* _Description of the task_
When you reach the line below that has "Yankee Candle Home Sweet Home Scented Large", start returning lines exactly, and stop after the line that has "JESSICA】舒適親膚羊絨羊毛簡約百搭圓領針織衫224355(藍) - momo購物"; skip the pictures.

* _The records_
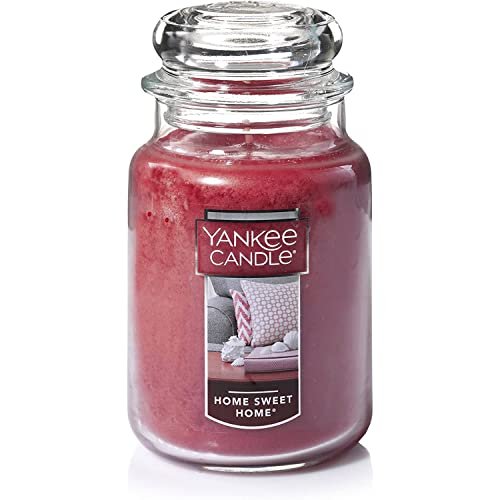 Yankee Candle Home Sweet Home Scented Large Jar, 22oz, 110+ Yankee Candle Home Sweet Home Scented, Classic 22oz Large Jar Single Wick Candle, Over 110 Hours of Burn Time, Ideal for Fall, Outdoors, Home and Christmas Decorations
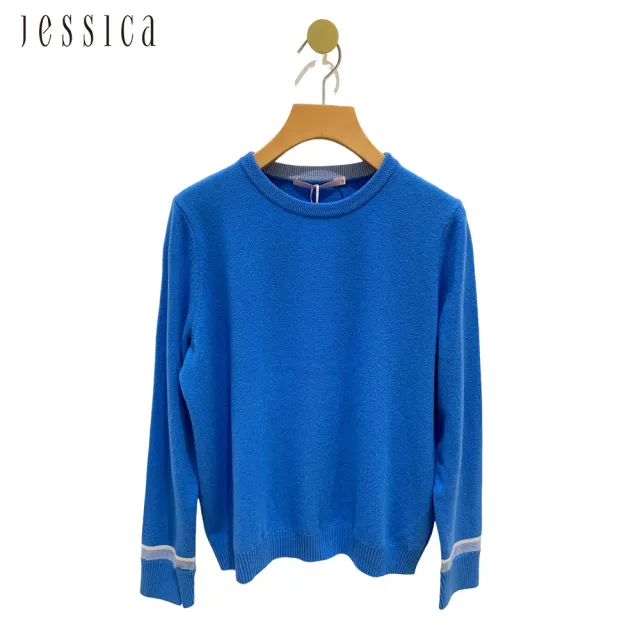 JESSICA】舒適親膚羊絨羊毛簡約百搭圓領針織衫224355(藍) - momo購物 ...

...

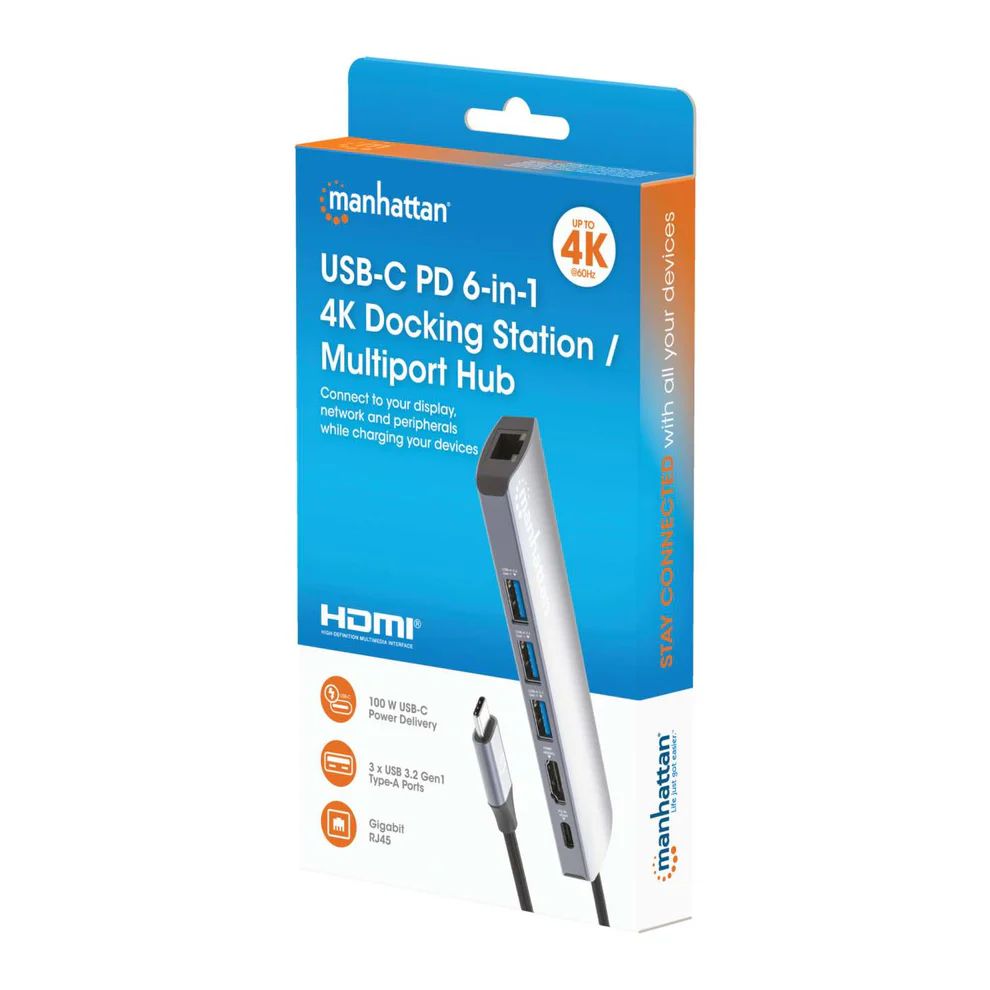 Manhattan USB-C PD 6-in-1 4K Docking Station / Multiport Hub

* _Solved problem_
 Yankee Candle Home Sweet Home Scented Large Jar, 22oz, 110+ Yankee Candle Home Sweet Home Scented, Classic 22oz Large Jar Single Wick Candle, Over 110 Hours of Burn Time, Ideal for Fall, Outdoors, Home and Christmas Decorations
 JESSICA】舒適親膚羊絨羊毛簡約百搭圓領針織衫224355(藍) - momo購物 ...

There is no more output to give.